* **Provided data**:
((
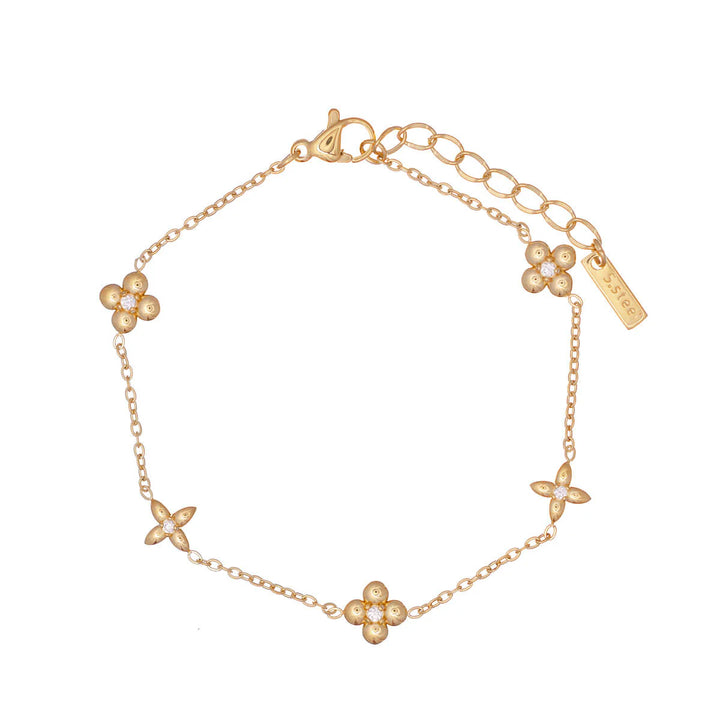 Golden Clover Bracelet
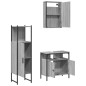 vidaXL Set de muebles de baño 3 pzas madera contrachapada gris sonoma vidaXL Set de muebles de baño 3 pzas madera contrachapada gris sonoma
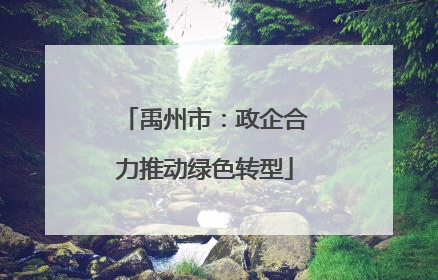 禹州市：政企合力推动绿色转型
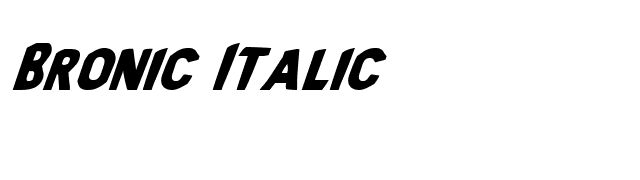 Bronic Italic font preview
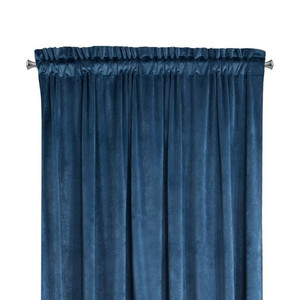 Curtain Rosa 135x300 cm, dark blue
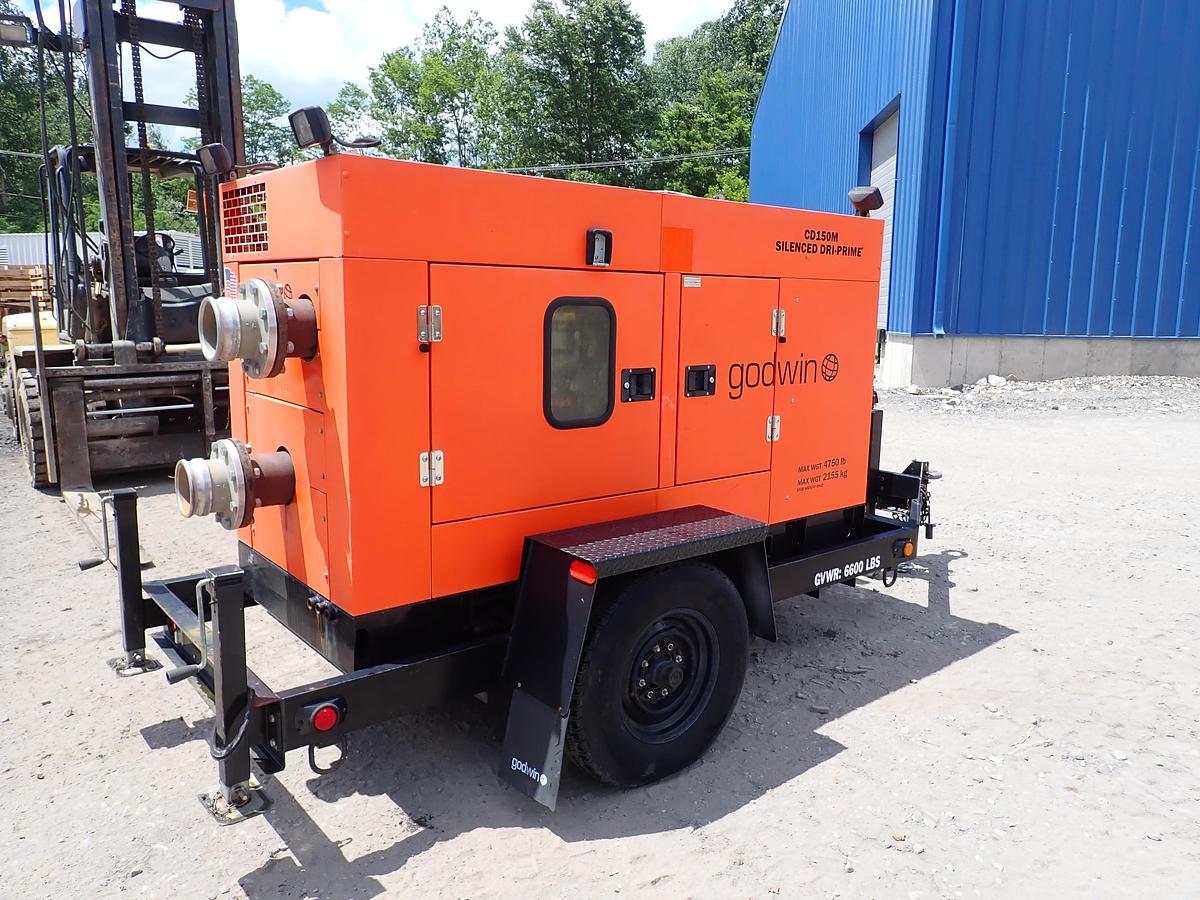 Used 2015 Godwin CD150M 6" Critical/Quiet Enclosure Water Pump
))
* **Work to be completed**:
Set down every line of the entries above again, exactly as written, but not the pictures.

* **Solved exercise**:
 Golden Clover Bracelet
 vidaXL Set de muebles de baño 3 pzas madera contrachapada gris sonoma vidaXL Set de muebles de baño 3 pzas madera contrachapada gris sonoma
 禹州市：政企合力推动绿色转型
 Bronic Italic font preview
 Curtain Rosa 135x300 cm, dark blue
 Used 2015 Godwin CD150M 6" Critical/Quiet Enclosure Water Pump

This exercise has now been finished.